Lorsque l’automutilation est associée à la dépression, les antidépresseurs et autres traitements médicamenteux peuvent aider. Sinon il existe d’autres approches qui consistent à occuper l’esprit grâce à des activités ou de remplacer l’automutilation par des méthodes beaucoup plus safe pour la personne ! Quand j’étais plus jeune le fait de se dessiner un papillon sur le bras aidait certaines personnes à lutter (ça s’appelait le Butterfly Project je crois).

Il n’existe pas vraiment de solutions miracles pour arrêter de se mutiler mais vous pouvez essayer de :

  • Dépasser le besoin de se mutiler : en allant quelque part où vous ne pourrez pas le faire (dans un lieu public, boire un coup avec des amis ect, rejoindre votre famille au salon..)
  • Appelez quelqu’un. Si vous êtes seul chez vous sans pouvoir sortir et que vous avez très envie de vous mutiler, appelez quelqu’un à qui vous aimez vous confier
  • Trouvez une distraction. Se distraire est une excellente façon de ne pas avoir envie de s’automutiler. Toutes les techniques de distraction ne fonctionnent pas pour tout le monde, donc vous devrez peut-être en essayer quelques-unes avant de trouver celle qui fonctionne pour vous.
  • Repoussez le moment de la mutilation. Lorsque le besoin de vous mutiler se fait sentir, repoussez ce moment. Commencez par repousser d’un petit moment, par exemple de 10 minutes, puis augmentez chaque fois ce temps d’attente. Chaque moment d’attente est une petite victoire !!
  • Évacuez tous les objets déclencheurs. Si vous voulez prévenir l’arrivée d’un nouvel épisode de mutilation, vous devez évacuer tous les objets que vous utilisez habituellement pour arriver à vos fins. Débarrassez-vous de tous les objets que vous avez déjà utilisés pour vous mutiler. Si vous devez passer du temps à rechercher un objet pour vous faire du mal, votre envie passera peut-être.
  • La relaxation, il existe quelques exercices très simples !

 

Si aucune de ces solutions fonctionnent vous pouvez envisagez de suivre une thérapie de groupe, au sein de laquelle vous vous rendrez compte que vous n’êtes pas le seul à lutter contre ce genre de problème. Vous pouvez aussi consulter votre médecin traitant et demandez-lui qu’il vous conseille un thérapeute ou un psychologue spécialisé dans les problèmes d’automutilation !
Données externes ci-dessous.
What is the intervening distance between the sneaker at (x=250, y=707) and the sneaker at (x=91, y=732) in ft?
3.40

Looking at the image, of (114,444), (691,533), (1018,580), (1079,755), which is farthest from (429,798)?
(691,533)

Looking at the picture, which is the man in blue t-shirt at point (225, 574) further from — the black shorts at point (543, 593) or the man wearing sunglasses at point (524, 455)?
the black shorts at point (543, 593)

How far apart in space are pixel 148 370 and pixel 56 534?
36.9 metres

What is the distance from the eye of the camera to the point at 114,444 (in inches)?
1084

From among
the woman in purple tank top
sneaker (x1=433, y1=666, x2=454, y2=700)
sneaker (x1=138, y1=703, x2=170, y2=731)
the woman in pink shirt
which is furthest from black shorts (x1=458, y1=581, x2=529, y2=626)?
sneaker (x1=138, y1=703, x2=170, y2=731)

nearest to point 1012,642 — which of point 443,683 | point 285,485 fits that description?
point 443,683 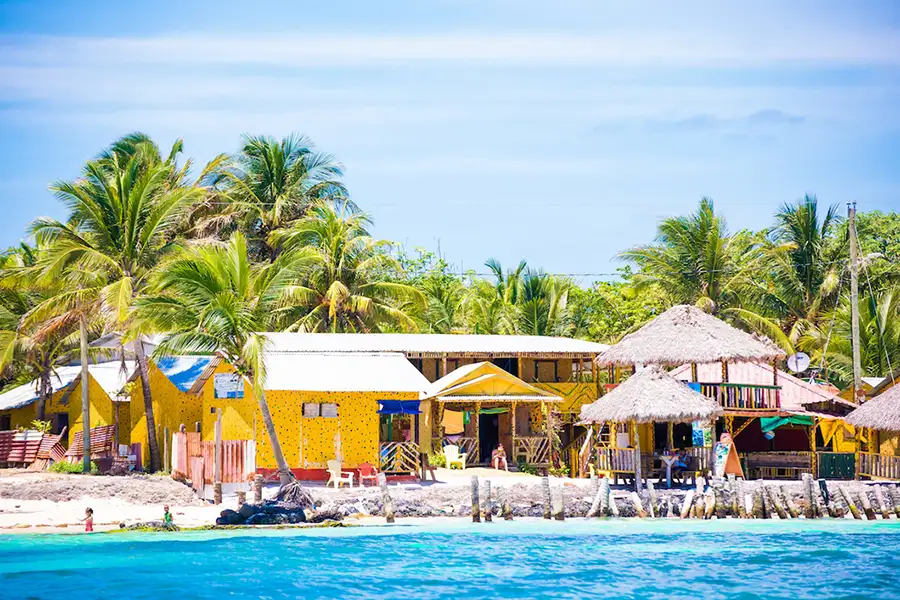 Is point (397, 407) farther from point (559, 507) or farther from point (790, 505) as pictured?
point (790, 505)

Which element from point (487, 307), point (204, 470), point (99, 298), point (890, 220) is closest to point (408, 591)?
point (204, 470)

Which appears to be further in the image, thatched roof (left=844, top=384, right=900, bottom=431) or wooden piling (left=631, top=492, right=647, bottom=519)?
thatched roof (left=844, top=384, right=900, bottom=431)

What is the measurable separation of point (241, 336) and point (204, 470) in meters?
3.25

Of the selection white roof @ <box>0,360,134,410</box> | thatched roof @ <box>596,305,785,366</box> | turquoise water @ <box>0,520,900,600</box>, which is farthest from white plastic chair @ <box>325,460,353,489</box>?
white roof @ <box>0,360,134,410</box>

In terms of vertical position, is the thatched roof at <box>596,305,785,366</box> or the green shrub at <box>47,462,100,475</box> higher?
the thatched roof at <box>596,305,785,366</box>

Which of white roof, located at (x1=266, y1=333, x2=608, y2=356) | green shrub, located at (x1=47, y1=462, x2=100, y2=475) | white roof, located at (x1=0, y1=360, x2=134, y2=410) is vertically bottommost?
green shrub, located at (x1=47, y1=462, x2=100, y2=475)

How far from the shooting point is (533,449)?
35.6 m

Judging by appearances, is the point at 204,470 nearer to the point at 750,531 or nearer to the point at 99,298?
the point at 99,298

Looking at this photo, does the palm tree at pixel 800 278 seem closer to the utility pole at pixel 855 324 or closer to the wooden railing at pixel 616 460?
the utility pole at pixel 855 324

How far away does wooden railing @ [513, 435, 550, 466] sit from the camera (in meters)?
35.6

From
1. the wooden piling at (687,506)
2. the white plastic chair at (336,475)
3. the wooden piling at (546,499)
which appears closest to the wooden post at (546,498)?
the wooden piling at (546,499)

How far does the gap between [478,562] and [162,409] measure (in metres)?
13.9

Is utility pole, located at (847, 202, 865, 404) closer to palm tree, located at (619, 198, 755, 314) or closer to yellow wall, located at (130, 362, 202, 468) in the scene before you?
palm tree, located at (619, 198, 755, 314)

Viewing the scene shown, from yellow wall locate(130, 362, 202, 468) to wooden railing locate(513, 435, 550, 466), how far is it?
A: 9.24 metres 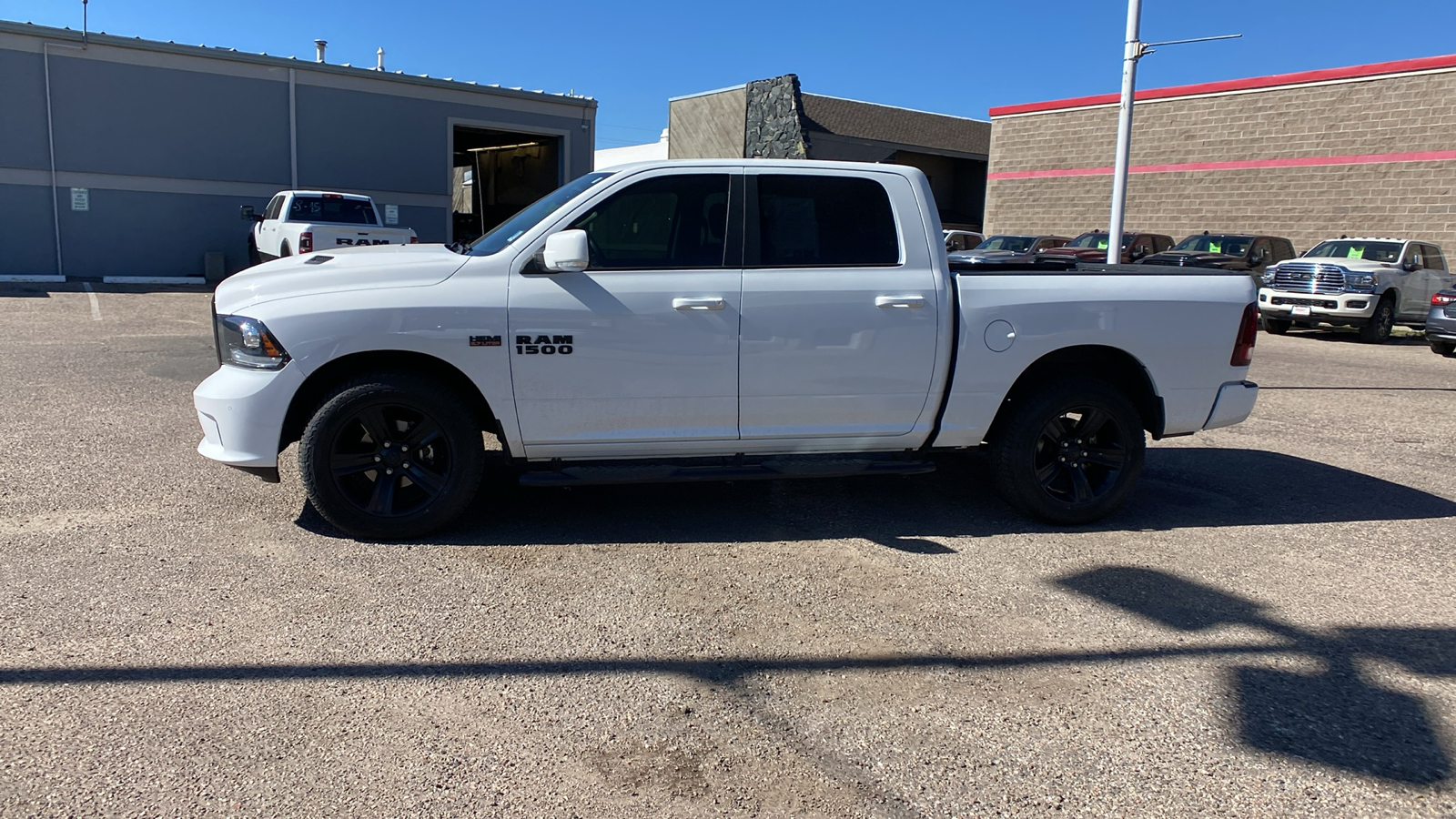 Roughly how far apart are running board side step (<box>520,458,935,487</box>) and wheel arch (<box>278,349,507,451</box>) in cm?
39

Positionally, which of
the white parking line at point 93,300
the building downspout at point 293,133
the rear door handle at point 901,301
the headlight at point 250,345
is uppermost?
the building downspout at point 293,133

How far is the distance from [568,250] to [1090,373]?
3.15 metres

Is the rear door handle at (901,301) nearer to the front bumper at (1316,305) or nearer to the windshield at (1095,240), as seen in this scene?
the front bumper at (1316,305)

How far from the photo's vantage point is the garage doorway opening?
2920 centimetres

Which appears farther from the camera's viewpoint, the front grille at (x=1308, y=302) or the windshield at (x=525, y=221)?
the front grille at (x=1308, y=302)

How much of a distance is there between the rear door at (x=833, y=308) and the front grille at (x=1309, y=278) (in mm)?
16040

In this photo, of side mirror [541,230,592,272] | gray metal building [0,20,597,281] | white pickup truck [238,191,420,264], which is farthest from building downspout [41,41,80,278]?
side mirror [541,230,592,272]

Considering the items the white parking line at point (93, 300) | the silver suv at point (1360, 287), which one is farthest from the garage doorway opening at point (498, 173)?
the silver suv at point (1360, 287)

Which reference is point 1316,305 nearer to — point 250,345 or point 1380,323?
point 1380,323

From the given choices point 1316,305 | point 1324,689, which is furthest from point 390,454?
point 1316,305

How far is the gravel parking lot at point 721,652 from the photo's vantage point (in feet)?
9.87

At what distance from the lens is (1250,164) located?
26.9 metres

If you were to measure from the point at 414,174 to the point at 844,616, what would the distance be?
23.3 metres

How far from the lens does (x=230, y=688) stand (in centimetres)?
348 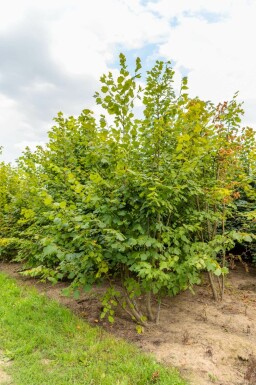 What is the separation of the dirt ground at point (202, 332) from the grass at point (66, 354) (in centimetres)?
21

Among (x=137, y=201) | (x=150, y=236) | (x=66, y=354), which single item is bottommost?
(x=66, y=354)

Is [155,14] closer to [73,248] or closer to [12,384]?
[73,248]

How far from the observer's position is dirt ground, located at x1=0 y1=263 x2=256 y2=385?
2.56m

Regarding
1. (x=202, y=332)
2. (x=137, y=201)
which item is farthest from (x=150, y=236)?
(x=202, y=332)

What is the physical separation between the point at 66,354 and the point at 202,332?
4.86 feet

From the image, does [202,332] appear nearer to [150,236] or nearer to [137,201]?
[150,236]

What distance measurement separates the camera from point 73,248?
10.1ft

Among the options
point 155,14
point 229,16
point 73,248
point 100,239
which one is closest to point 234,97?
point 229,16

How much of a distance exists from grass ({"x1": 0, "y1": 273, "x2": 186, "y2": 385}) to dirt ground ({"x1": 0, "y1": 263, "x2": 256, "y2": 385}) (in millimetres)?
211

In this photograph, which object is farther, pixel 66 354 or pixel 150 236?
pixel 150 236

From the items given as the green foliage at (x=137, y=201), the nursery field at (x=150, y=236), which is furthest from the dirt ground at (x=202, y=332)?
the green foliage at (x=137, y=201)

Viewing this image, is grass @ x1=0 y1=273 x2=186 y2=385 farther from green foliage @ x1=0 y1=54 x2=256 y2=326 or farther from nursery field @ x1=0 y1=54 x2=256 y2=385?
green foliage @ x1=0 y1=54 x2=256 y2=326

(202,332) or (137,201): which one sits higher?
(137,201)

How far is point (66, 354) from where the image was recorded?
2848 millimetres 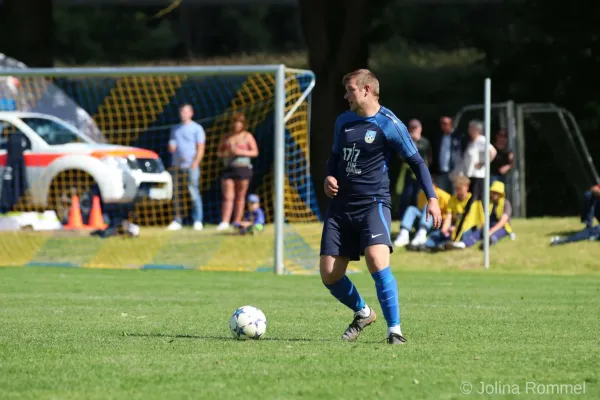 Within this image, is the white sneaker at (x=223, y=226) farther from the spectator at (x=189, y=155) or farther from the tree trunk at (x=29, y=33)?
the tree trunk at (x=29, y=33)

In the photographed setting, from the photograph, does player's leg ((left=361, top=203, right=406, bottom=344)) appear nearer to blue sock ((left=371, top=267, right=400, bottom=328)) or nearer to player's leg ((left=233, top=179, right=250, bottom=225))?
blue sock ((left=371, top=267, right=400, bottom=328))

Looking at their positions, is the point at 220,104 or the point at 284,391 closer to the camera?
the point at 284,391

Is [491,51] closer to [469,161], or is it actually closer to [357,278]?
[469,161]

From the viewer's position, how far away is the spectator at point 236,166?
1992cm

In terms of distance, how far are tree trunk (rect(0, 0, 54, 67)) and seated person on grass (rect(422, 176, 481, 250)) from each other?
1076 cm

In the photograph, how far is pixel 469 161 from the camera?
19297 mm

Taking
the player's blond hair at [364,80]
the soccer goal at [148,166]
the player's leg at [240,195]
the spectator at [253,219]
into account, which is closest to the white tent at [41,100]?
the soccer goal at [148,166]

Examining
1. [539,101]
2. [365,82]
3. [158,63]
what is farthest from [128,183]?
[158,63]

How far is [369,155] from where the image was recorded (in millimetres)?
Result: 8680

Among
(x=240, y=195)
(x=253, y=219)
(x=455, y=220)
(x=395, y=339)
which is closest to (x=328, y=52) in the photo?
(x=240, y=195)

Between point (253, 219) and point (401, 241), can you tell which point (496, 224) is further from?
point (253, 219)

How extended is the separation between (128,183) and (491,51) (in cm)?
1077

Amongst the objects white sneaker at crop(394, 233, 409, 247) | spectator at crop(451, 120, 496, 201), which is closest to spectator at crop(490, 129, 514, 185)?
spectator at crop(451, 120, 496, 201)

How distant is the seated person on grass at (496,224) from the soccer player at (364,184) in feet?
34.2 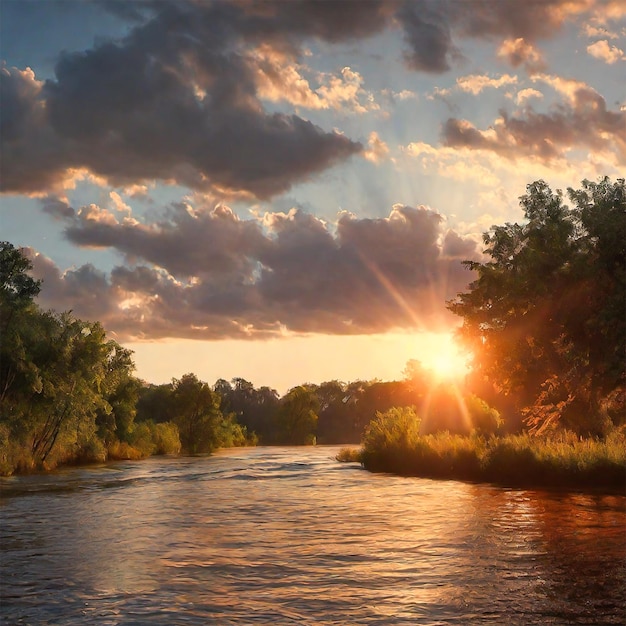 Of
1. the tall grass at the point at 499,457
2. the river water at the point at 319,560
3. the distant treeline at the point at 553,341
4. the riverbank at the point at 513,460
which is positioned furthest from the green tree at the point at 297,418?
the river water at the point at 319,560

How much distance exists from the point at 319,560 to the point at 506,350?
23.7 metres

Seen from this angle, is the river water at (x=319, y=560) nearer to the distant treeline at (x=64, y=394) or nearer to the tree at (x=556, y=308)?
the tree at (x=556, y=308)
Quelques numéros à joindre si besoin.. 

Il existe de nombreuses assistances téléphoniques qui pourront vous aider. Vous pourriez par exemple appeler :

SOS Amitié

S.O.S. Amitié offre, à tous ceux qui choisissent d’appeler, la possibilité de mettre des mots sur leur souffrance et, ainsi, de prendre le recul nécessaire pour retrouver le goût de vivre. Le site donne les numéros d’appel de chaque région et offre aussi un service d’écoute web (anonymat, confidentialité et non directivité).

http://www.sos-amitie.org

SOS Dépression

Cette ligne offre une écoute psychologique ponctuelle et une éventuelle orientation par des professionnels, anonyme et sans jugement, 7j/7 et 24h/24.
08 92 70 12 38 (0.33 cts/min)

http://sosdepression.org

SOS Suicide Phénix

Accueil et écoute des personnes confrontées au suicide, 7j/7 de 16h à 20h.
Numéro national : 0825 120 364 (15ct / min) :
Numéro régional Île-de-France : 01 40 44 46 45 (prix d’un appel local)

http://www.sos-suicide-phenix.org

Suicide écoute

Accueil et écoute des personnes confrontées au suicide, 24h/24, 7j/7
01 45 39 40 00 (prix d’un appel local)

http://www.suicide-ecoute.fr/

Écoute-famille

01 42 63 03 03 (prix d’un appel local) : cette ligne d’écoute créée par l’Unafam est destiné aux familles ayant un proche en souffrance psychique. Des psychologues conseillent et orientent les familles.

Plus spécifiquement pour les enfants et les adolescents

Fil Santé Jeunes

Informations, questions-réponses individualisées, forums, chats dans les domaines de la santé physique, psychologique et sociale des jeunes.

0800 235 236 (appel anonyme et gratuit depuis un poste fixe) : écoute, information et orientation des jeunes dans les domaines de la santé physique, psychologique et sociale. Ouvert 7j/7 de 8h à minuit.

http://www.filsantejeunes.com

Phare Enfants-Parents

0 810 810 987 (prix d’un appel local depuis un poste fixe) : écoute des parents et des enfants en difficulté, prévention du mal-être et de l’autodestruction des jeunes, du lundi au vendredi de 9h30 à 18h.

Site d’information et d’orientation contribuant à combattre le mal-être des jeunes :

http://www.phare.org


 

Voilà j’espère avoir pu expliquer au mieux l’automutilation et vous avoir renseigner au mieux aussi. J’espère que malgré tout cet article vous plaira.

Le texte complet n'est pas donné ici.